# Record excerpts:
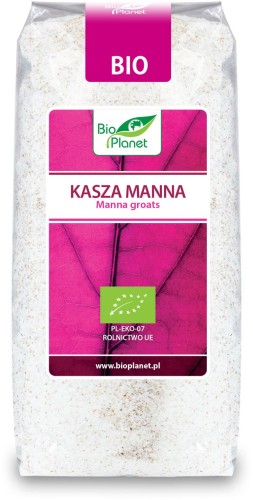 Kasza manna BIO, BioPlanet 500g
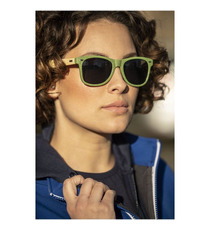 Lunettes publicitaires de soleil Sun Ray en bambou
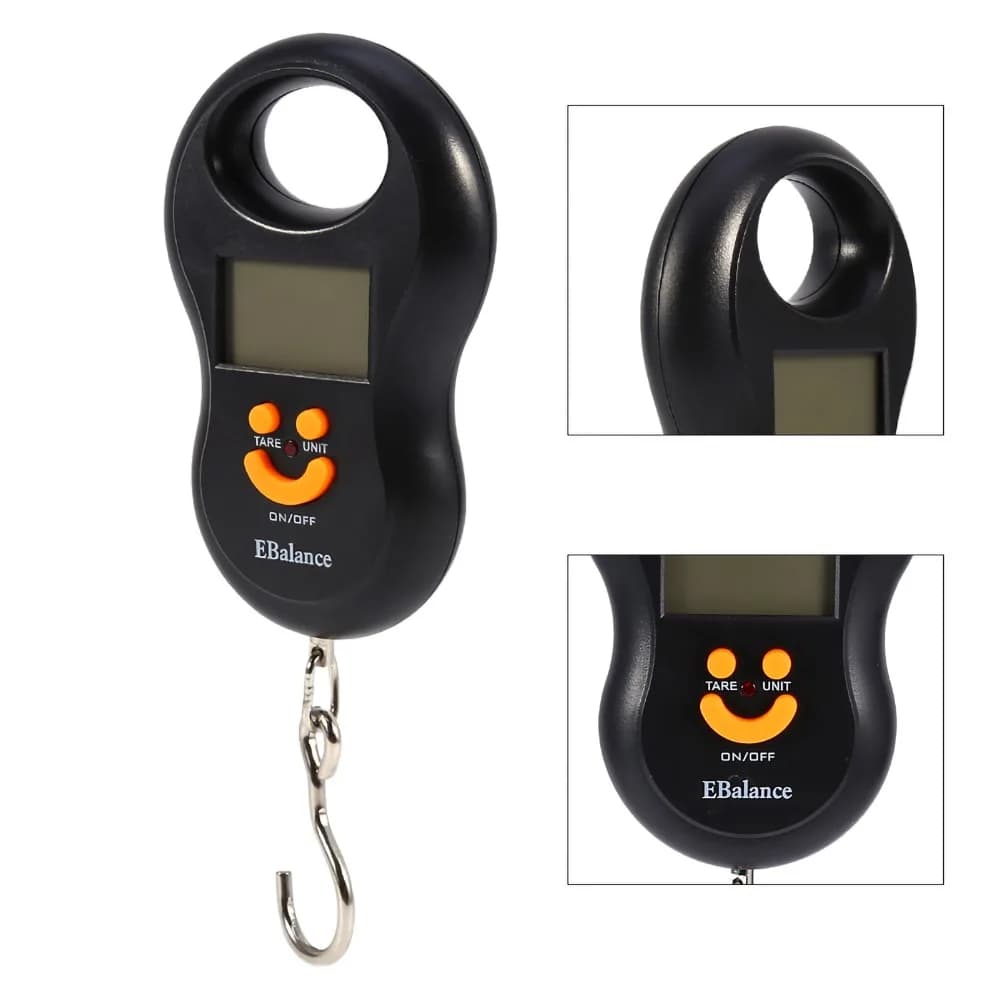 ABS Digital Hanging Scale LCD Display Backlight Electronic Weigting Luggage Hook Scale Hook Design Pocket Size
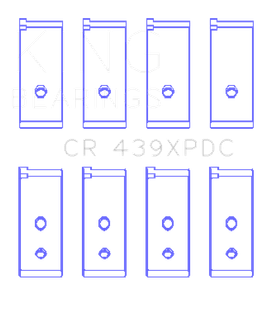 King Engine Bearings Honda 4 B18A1/B18B1 Connecting Rod Bearing Set - Size STD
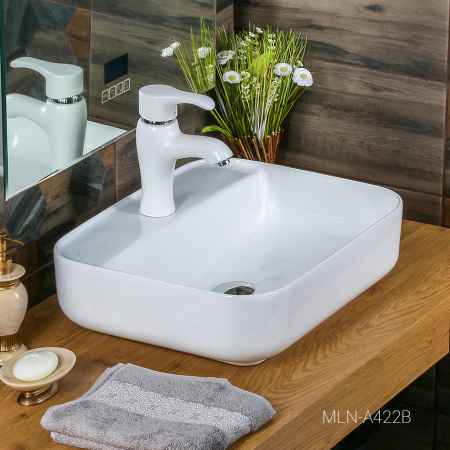 Раковина накладная (50х40) Melana A422B-803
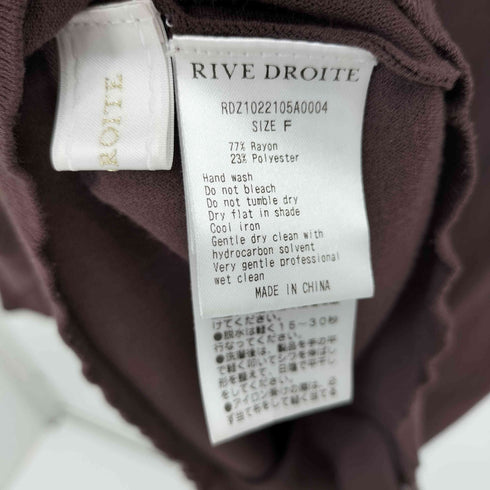 リヴドロワ RIVE DROITE 前後2WAYで使える ドルマン2WAYニット レディース FREE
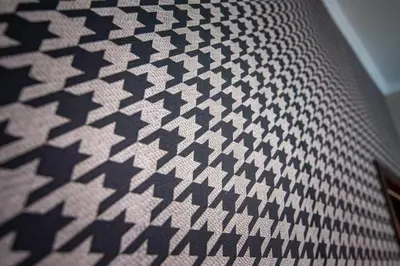 a close up of a black and white metal object at Huge Stylish Apartment Monroe 1 / City Centre in Plovdiv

# Task requirements:
Without the pictures, return all the records precisely as they stand.

# Exercise answer:
 Kasza manna BIO, BioPlanet 500g
 Lunettes publicitaires de soleil Sun Ray en bambou
 ABS Digital Hanging Scale LCD Display Backlight Electronic Weigting Luggage Hook Scale Hook Design Pocket Size
 King Engine Bearings Honda 4 B18A1/B18B1 Connecting Rod Bearing Set - Size STD
 Раковина накладная (50х40) Melana A422B-803
 リヴドロワ RIVE DROITE 前後2WAYで使える ドルマン2WAYニット レディース FREE
 a close up of a black and white metal object at Huge Stylish Apartment Monroe 1 / City Centre in Plovdiv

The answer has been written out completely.